Marketplace potential. Sub-workflows can be published to the agent marketplace. A tax accounting firm could publish a "Russian Tax Calculation Q4 2026" sub-workflow that other businesses install and use.
Sub-workflows are parameterized: the parent workflow passes data in, the sub-workflow processes it, and returns results. The sub-workflow has its own execution trace, nested inside the parent's trace. Observability is preserved at every level.
Today, when a workflow fails, you look at the execution trace and diagnose the problem yourself. This works — the traces are detailed — but it requires the user to (a) notice the failure, (b) open the trace, (c) understand what went wrong, and (d) know how to fix it.
AI-powered trace analysis automates steps (b) through (d). When a workflow execution fails, an analysis agent automatically:
Examines the execution trace — which node failed, what was the error, what were the inputs and outputs leading up to the failure
Identifies the root cause — "The Stripe API returned a 401 Unauthorized error on node charge_card, suggesting the API key has expired or been revoked."
Suggests a fix — "Update your Stripe API key in the connector configuration. The current key was issued on March 12, 2026 and may have been rotated."
Optionally applies the fix — for simple issues (retry the execution, adjust a timeout, switch to a fallback provider), the agent can fix and rerun automatically with user approval.
The analysis is presented as a natural language summary alongside the technical trace. A non-technical user sees: "Your payment workflow failed because the Stripe connection needs to be refreshed. Click here to update your API key." A technical user can drill down into the full trace for deeper investigation.

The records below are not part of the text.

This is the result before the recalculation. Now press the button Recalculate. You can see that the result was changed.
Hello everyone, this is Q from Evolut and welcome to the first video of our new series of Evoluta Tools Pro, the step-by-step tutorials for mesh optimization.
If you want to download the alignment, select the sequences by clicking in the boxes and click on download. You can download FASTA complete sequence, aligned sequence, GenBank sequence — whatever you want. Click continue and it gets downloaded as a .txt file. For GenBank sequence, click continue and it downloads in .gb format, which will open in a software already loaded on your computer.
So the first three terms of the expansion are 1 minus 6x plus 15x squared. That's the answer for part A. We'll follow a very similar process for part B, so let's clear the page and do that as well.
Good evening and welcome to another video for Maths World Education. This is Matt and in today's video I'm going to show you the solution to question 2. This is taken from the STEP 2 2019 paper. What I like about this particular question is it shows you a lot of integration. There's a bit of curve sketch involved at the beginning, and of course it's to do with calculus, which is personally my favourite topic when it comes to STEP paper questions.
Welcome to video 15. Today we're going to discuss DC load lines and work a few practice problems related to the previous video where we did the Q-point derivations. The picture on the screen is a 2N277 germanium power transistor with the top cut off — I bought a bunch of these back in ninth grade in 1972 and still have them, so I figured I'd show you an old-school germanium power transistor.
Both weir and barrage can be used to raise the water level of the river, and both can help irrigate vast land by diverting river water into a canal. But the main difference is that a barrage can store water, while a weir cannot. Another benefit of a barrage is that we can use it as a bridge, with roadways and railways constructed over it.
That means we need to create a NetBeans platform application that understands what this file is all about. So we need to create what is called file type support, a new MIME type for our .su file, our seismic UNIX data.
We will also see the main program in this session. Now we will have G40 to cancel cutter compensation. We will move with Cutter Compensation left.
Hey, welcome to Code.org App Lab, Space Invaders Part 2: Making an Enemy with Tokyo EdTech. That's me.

Today, you can see workflow failures if you open the dashboard and check. That's fine for workflows you run manually. It's useless for always-on agents that run unattended.
The alerting system lets you configure:
Thresholds. "Alert me if the error rate for any always-on agent exceeds 5% in the last hour." "Alert me if the p95 execution latency exceeds 30 seconds."

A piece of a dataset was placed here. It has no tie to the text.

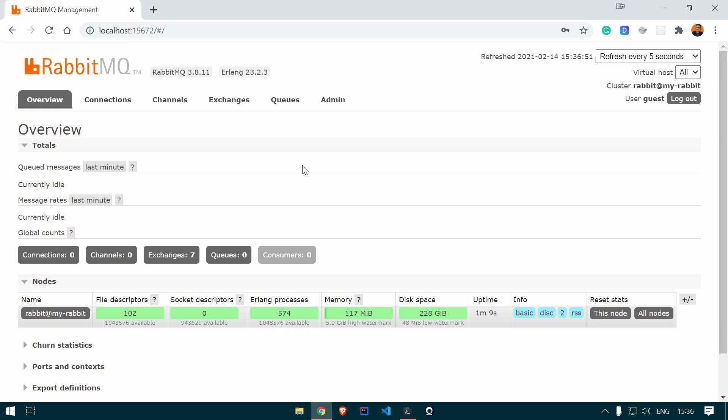Opening localhost:15672, you can see the dashboard for our RabbitMQ. The default username and password are guest and guest. After logging in, you can see all the information regarding RabbitMQ — different exchanges available, queues available, and all that information. Now what we are going to do is create two Spring Boot applications: one to produce messages and one to consume messages.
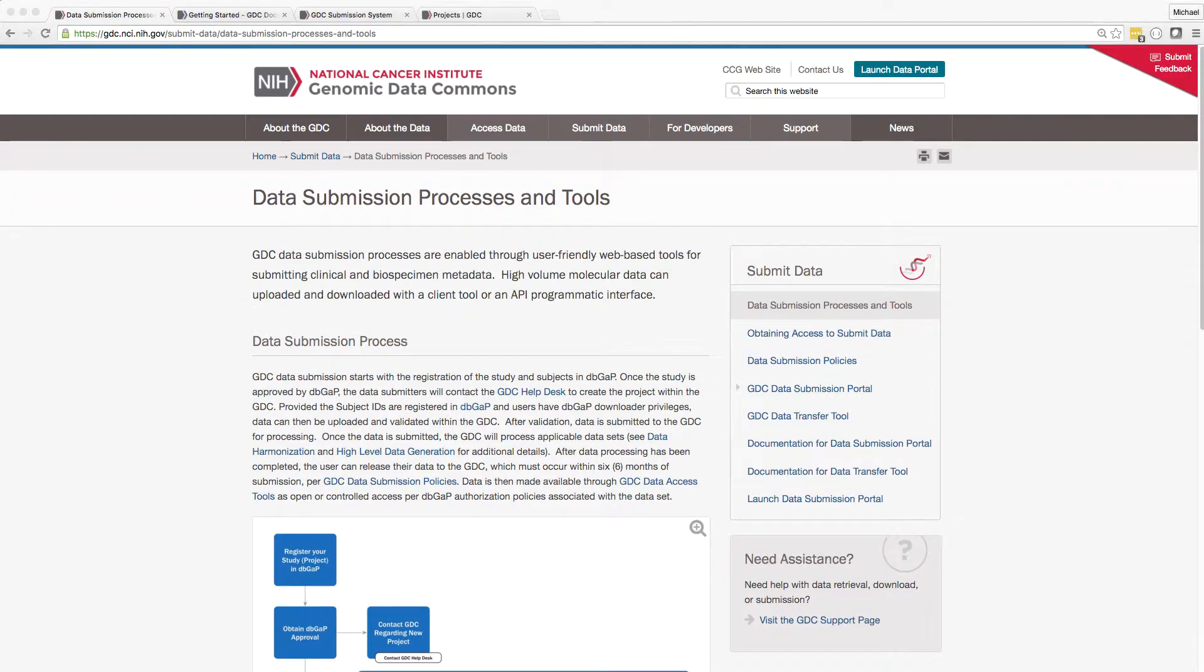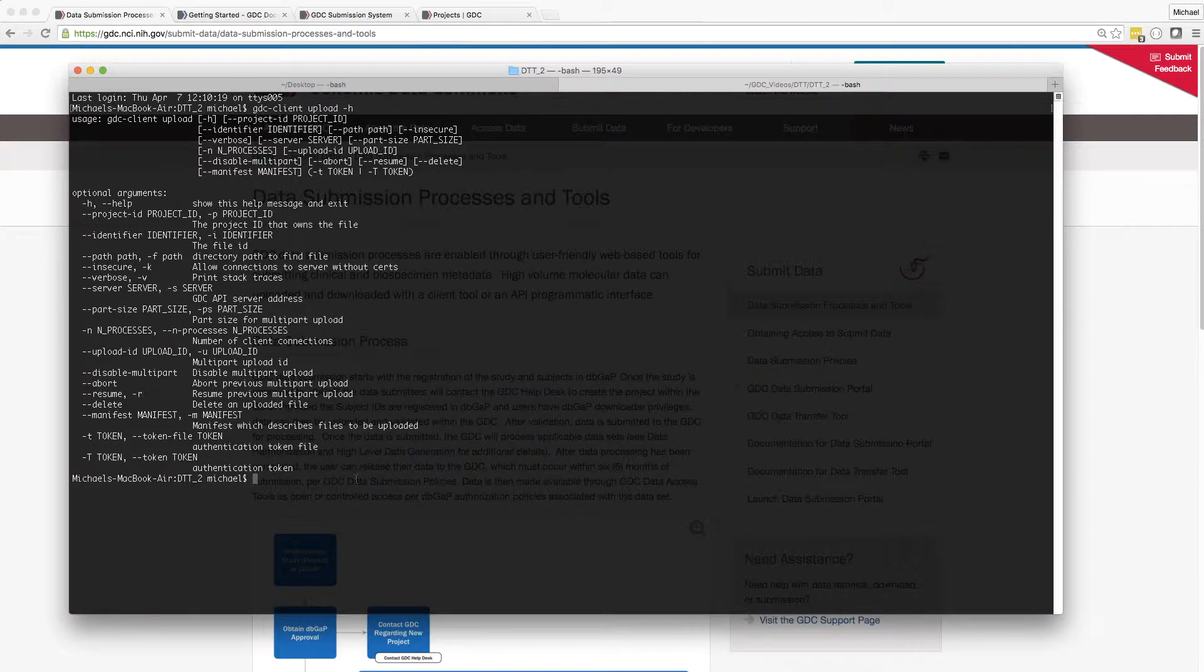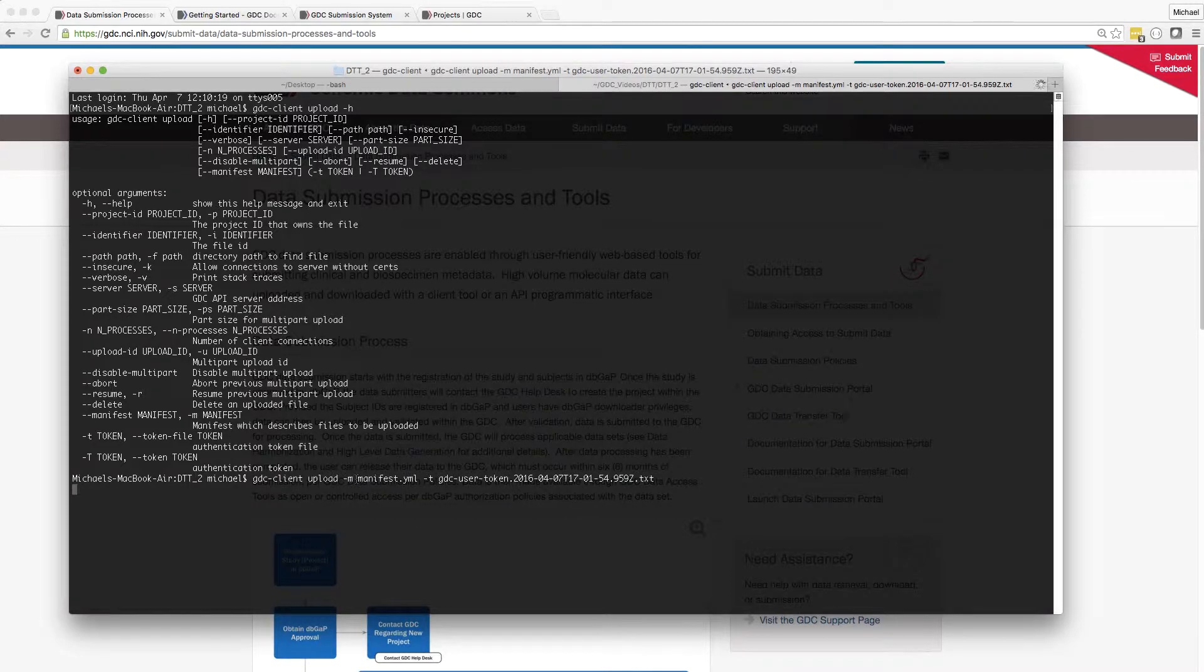In this example, I am providing the manifest with the '-m' option and the token with '-t'.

Channels. Slack, email, Telegram, in-app notification, webhook (so you can integrate with PagerDuty, OpsGenie, or your own alerting infrastructure).
Severity levels.info (something interesting happened), warning (something might be wrong), critical (something is definitely wrong and needs immediate attention).
Silence windows. "Don't alert me about the nightly data sync workflow failures between 2 AM and 6 AM — I know it's flaky and I'm fixing it next sprint."
Alert grouping. If 50 workflows fail within 30 seconds because of the same root cause (e.g., OpenAI outage), you get one grouped alert — not 50 individual ones.
Today, an AACFlow workflow is a single execution graph. But as agents become more sophisticated, they need to communicate with other agents — an agent in one workspace calling an agent in another, an AACFlow agent calling an external agent via A2A, or a hierarchy of agents delegating sub-tasks to specialized sub-agents.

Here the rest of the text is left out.